> **AIM OF THE TASK**
Beginning with the line containing "آزمایش اسپرم چیست", transcribe every line exactly down to the last one in the records below, and drop the pictures.
----------
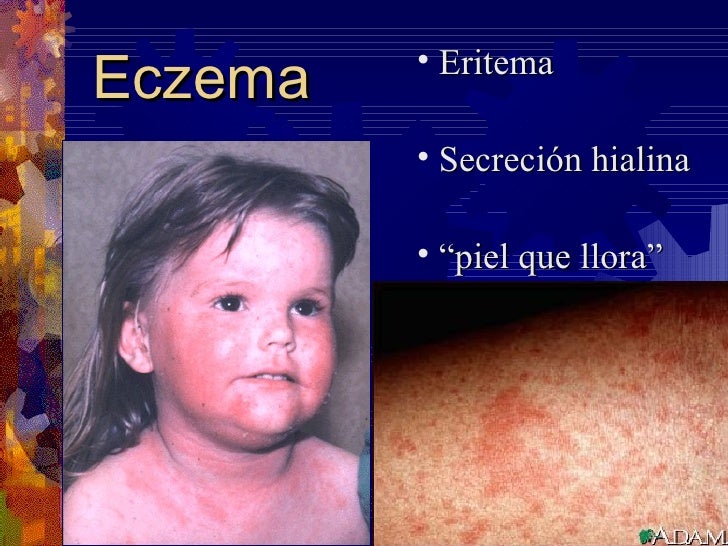 Nizoral la psoriasis el cuerpo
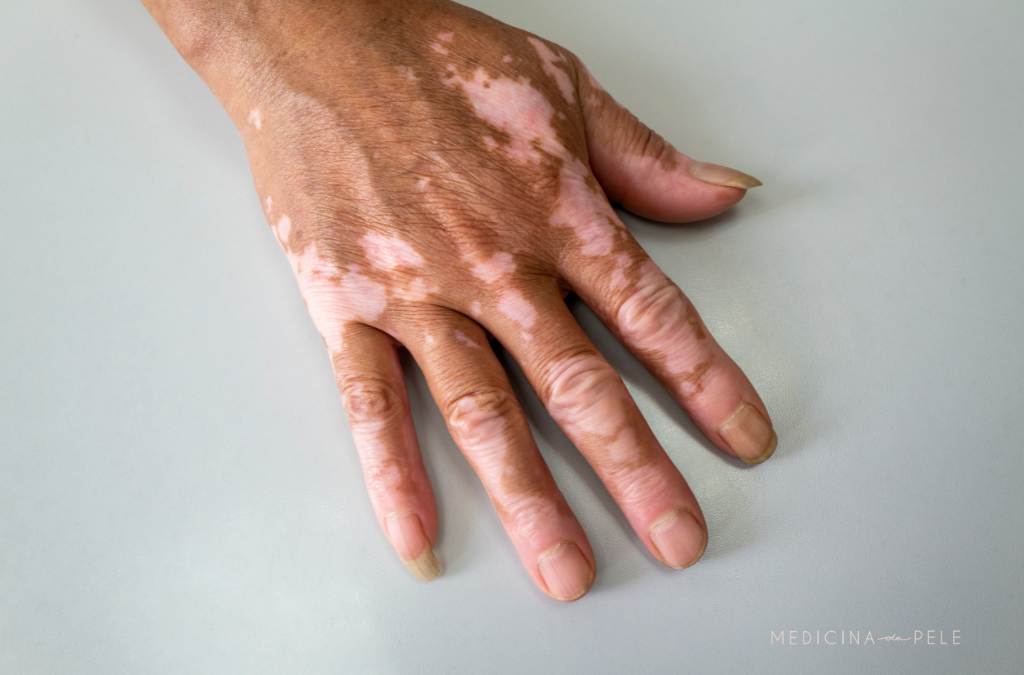 Mão com manchas de vitiligo em fundo cinza claro, com unhas naturais e pele levemente enrugada.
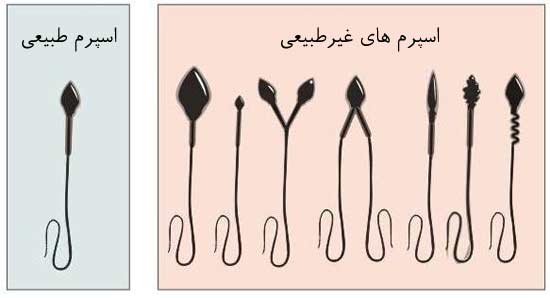 آزمایش اسپرم چیست و چگونه انجام می شود؟ آزمایش اسپرموگرام و آنالیز آن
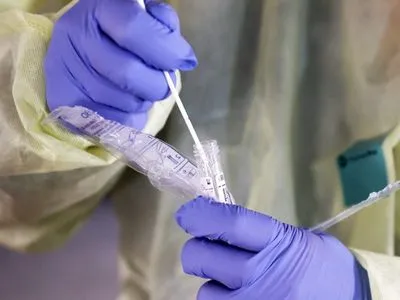 У женщины, которая находится на обсервации в Днепропетровской области, экспресс-тест показал коронавирус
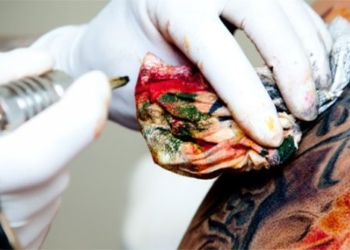 flower turns gray in the immune cells of the skin why do they appear like this 131574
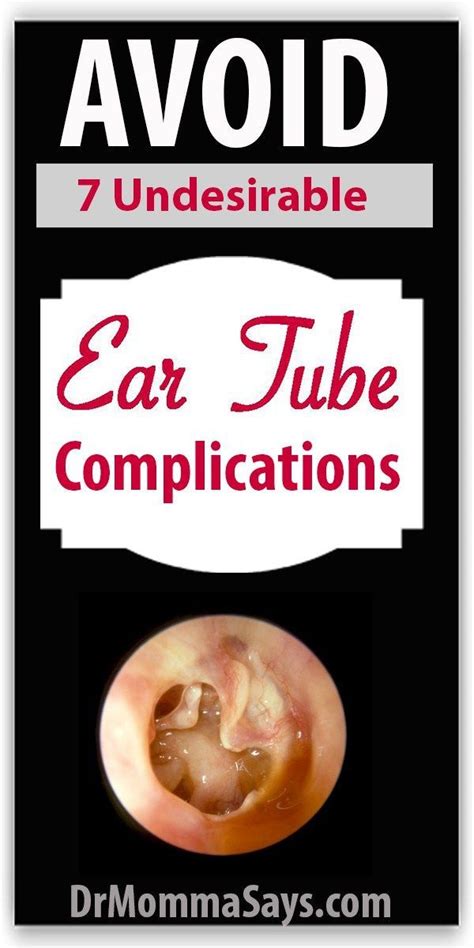 Ear L Tube L Infection L Ear Fluid L Ear Tube Problems L Hearing Loss L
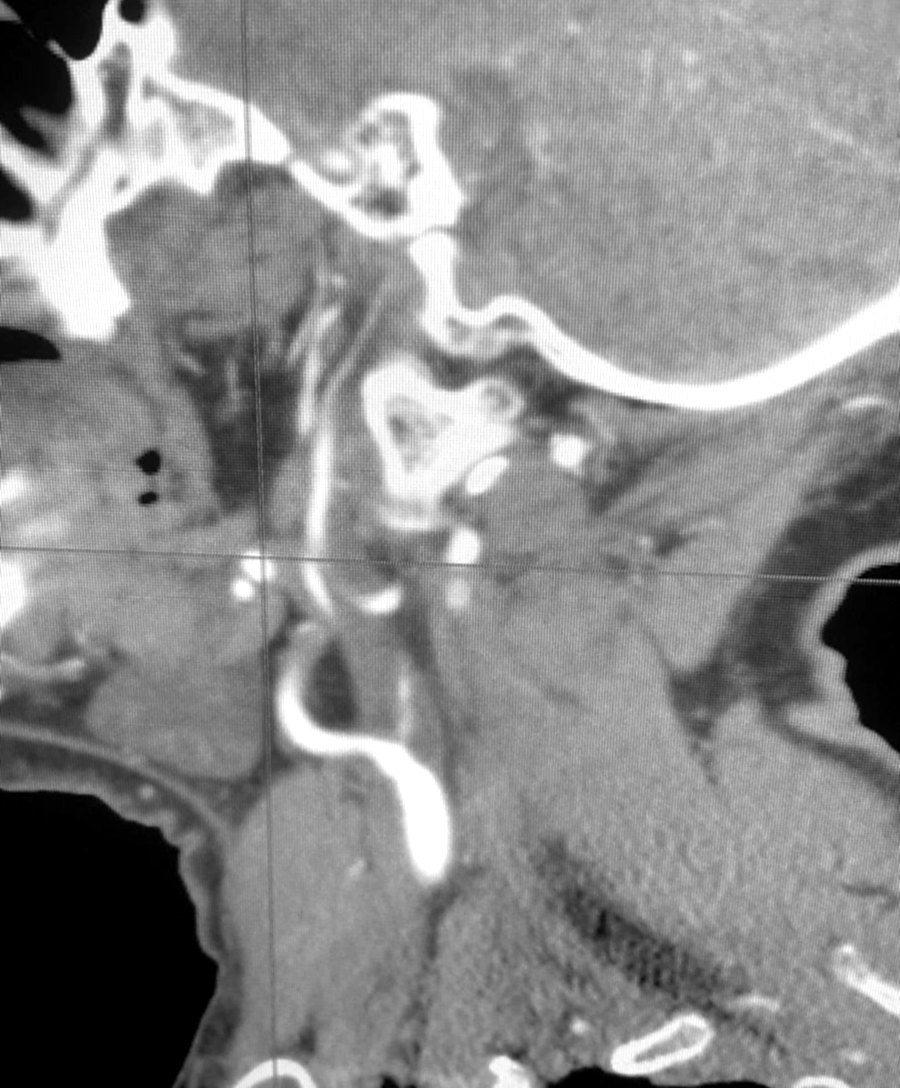 CT angiogram section through the carotid artery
----------
> **RESPONSE BOX**
 آزمایش اسپرم چیست و چگونه انجام می شود؟ آزمایش اسپرموگرام و آنالیز آن
 У женщины, которая находится на обсервации в Днепропетровской области, экспресс-тест показал коронавирус
 flower turns gray in the immune cells of the skin why do they appear like this 131574
 Ear L Tube L Infection L Ear Fluid L Ear Tube Problems L Hearing Loss L
 CT angiogram section through the carotid artery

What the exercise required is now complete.